大惨事です
ネメアに回復魔法をかけられたキャンサは意識を取り戻し、目を開けた。彼女はフラフラと立ち上がると、亡霊のような顔でぼそぼそと呟き始めた。
「どう、しよう……ヒュドラ、町の方に行って……あの人達、追って行ったけど……あの人達じゃ……」
キャンサはガクガクと震えた。ケネイアが彼女の背中を優しく撫で、落ち着かせる。
「大丈夫だ、ゆっくり事情を話してくれ。私達が来るまでに、何があったんだ?」
「ケネイア、クレタ、ネメアくん……お願い、助けて……」
三人の顔を見回し、掠れた声でそう言うと、キャンサは深呼吸して心を落ち着かせた。それから三人がここへ来るまでに何があったのか話し始めた。

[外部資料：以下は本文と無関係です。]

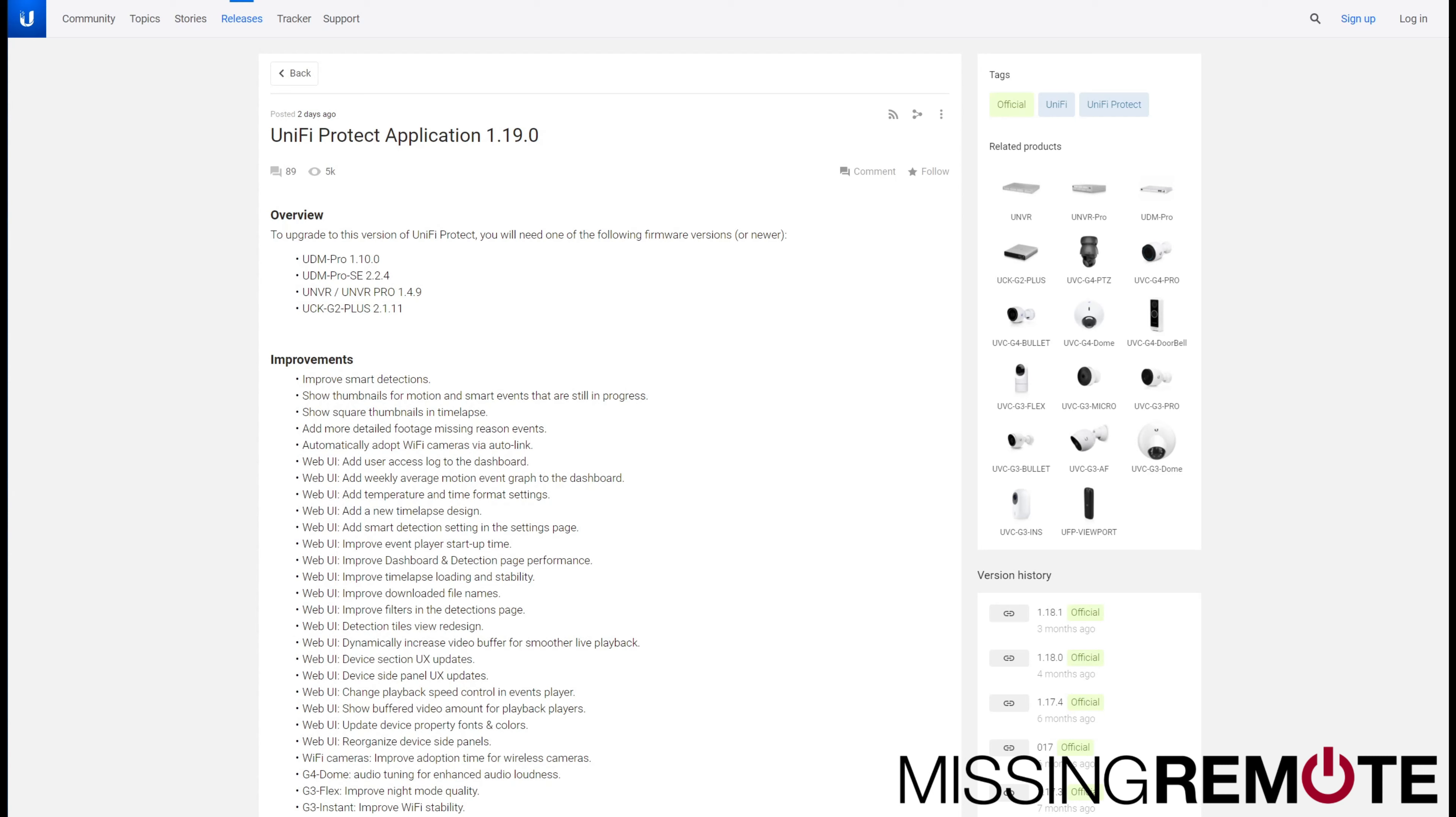Hello, this is Andrew with Mr. Remote. Just a quick heads up that Ubiquiti released Unify Protect 1.19.0 a couple days ago.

「私、アレス達とヒュドラ討伐をしていたんだけど、失敗しちゃったんだ。それで、私がアレス達を回復している隙を突いて、ヒュドラが町のある方角へ逃げちゃった。私はアレス達を回復して力尽きたから、その後どうなったかは分からない。ヒュドラが町を襲う前に、アレス達が倒してくれてると良いんだけど、あの人達じゃ無理だと思う」
「そうか、話してくれてありがとう。まだ動けるか?」
「うん、軽いサポートならできると思う」
キャンサが仲間に加わり、四人はヒュドラが逃げた方角にある町を目指した。泥に足を取られてしまわないよう、キャンサが魔法で地面を硬化させて一本の道筋をつくり、そこを走っていった。
町に近づくに連れて、いくつもの悲鳴が聞こえてくるようになった。四人に鋭い緊張が走る。辿り着いたその場所は、人々の血と恐怖に満たされていた。道端にはヒュドラに食われた人々の死体が転がり落ち、生き残った者達も震えながら泣き叫んでいる。既に大きな悲劇に見舞われてしまった町の様子に、四人は絶句した。
「あぁ、どうしよう、間に合わなかった……」
キャンサは膝から崩れ落ちそうになる。クレタとケネイアが彼女の両脇に行き、腕を抱えて体を支えてやったが、彼女達も顔から血の気が引いていた。ネメアはあまりにも残酷な光景に強い不快感を覚え、吐き気を催した。
「ヴッ、ヴヴッ、酷い、あんまりだ。あいつらは何をしていたんだ」
吐き気を喉の奥へ押しやり、ネメアは頭の中で思い浮かべたアレス達の姿を思いきり睨みつけた。
「早くヒュドラを倒しに行きましょう。これ以上犠牲者を出さないためにも」
シンと冷たく筋の通った声でクレタがそう言い、皆、戦いの覚悟を決めた。キャンサは背筋を伸ばして自分の足で立ち、ケネイアは鞘から長剣を抜いて、ネメアはアイテムボックスから、魔力のステータスを一時的に2倍に増やせる薬草を取り出した。彼は今回、魔法を主に使うことにしたのだ。
ヒュドラと戦う前に、四人はそれぞれの役割を確認することにした。クレタは武術でヒュドラの喉を潰し、毒を吐けないようにする。ケネイアは首を切り落とす。ネメアは首を焼き切ったり、回復魔法をかけたり、ヒュドラの注意を惹きつけたりする。そしてキャンサが、町の人々に危害が及ばないよう魔法で守ると、自ら役割を申し出た。
確認を終えた瞬間、新たな甲高い悲鳴が町に轟いた。声が聞こえてきた方向に目を向けると、ヒュドラが猛毒のガスを撒き散らし、首や尻尾を振り回して建物を破壊する姿が見えた。四人は互いの顔を合わせて頷き、そちらへ駆けていった。